Hurricane  Harvey had other plans…

To make a really long story shorter, United credit card  (free trips with this card, but it is $100 per year), would exchange our tickets but not refund them as the airport was officially open.  Houston was still only accessible by boat, however.

In order for the trip to happen, I officially became a travel agent for two days booking flights, motels, cars, ferries, air B &B’s, and activities as my real travel agent was on a trip to Europe and inaccessible for my personal emergency.  Jenny, I loved you before but I now value you even more than I did.  Being a travel agent is not for me, but I managed to get it done.

Logistics for a 5 day, 6 night trip to Martha’s Vineyard from western South Dakota (part one):

  1. Night one– Drive to Gillette, Wyoming and spend the night at the Holiday Inn Express This hotel was literally amazing for a small Wyoming town.  We even survived/slept through the teenage girl soccer teams next door. P.S.-flights from Rapid City were blocked.
  2. Day one– Fly from Gillette (GCC) to Denver (DEN), Denver to Washington DC (LAD), Washington DC to Warwick, Rhode Island (PVD).
    • Gillette’s airport has free parking. Yay!!
    • Make sure to eat at Root Down in Terminal C in Denver if you have a long enough layover. It is a normal restaurant with great food.

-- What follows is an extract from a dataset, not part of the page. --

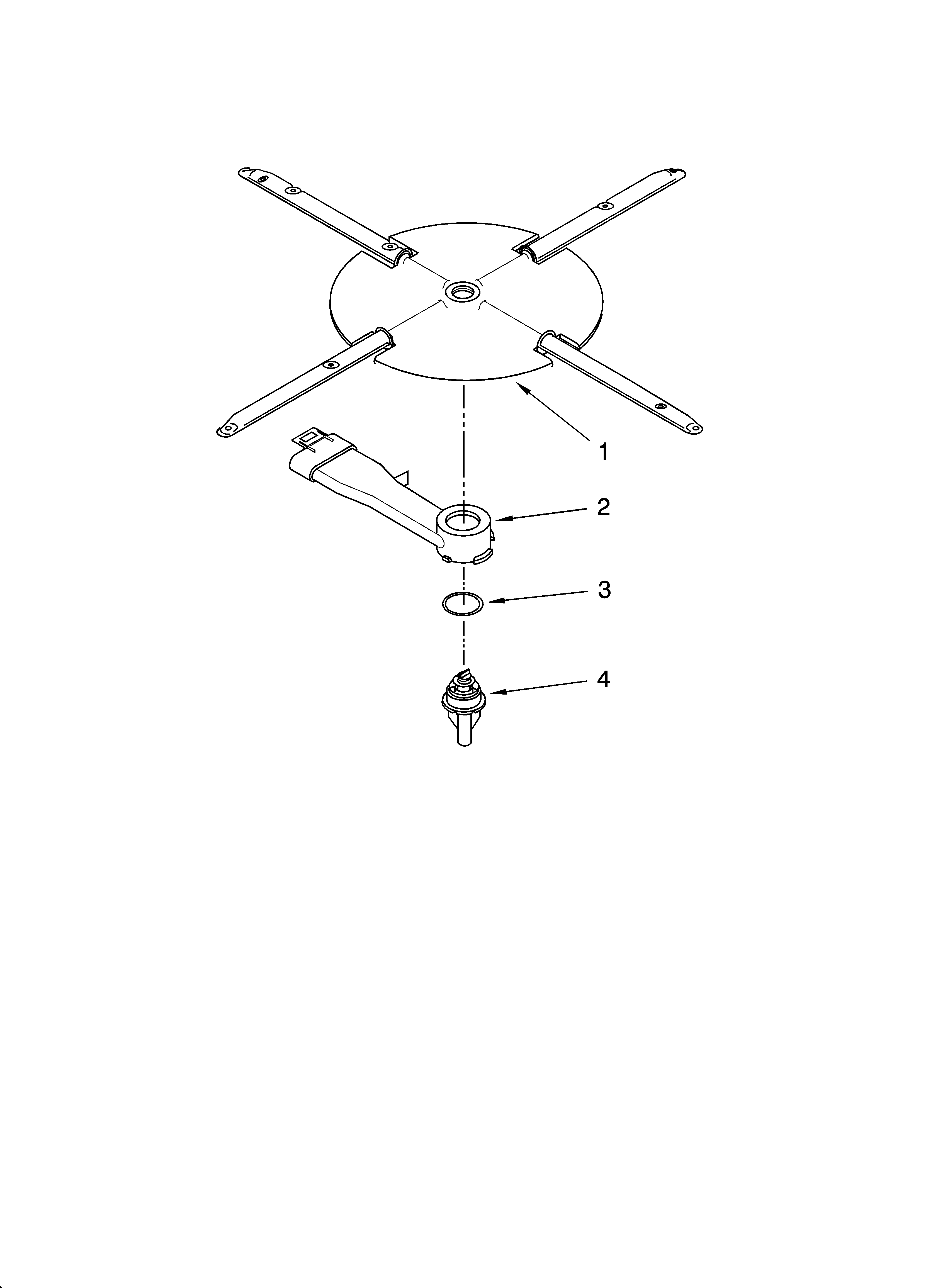 KitchenAid KUDU02VSPA4 lower washarm and strainer parts diagram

We rented a small car from Hertz at PVD, which we purchased with points.  They did require us to pay for additional drivers so if only one person in your party drives, have them sign up for the car and relax in the passenger seat.  Renting a car is often a headache, so I suggest pre-registering online and signing up with one company for their deals. Frequently they offer upgrades for customer loyalty.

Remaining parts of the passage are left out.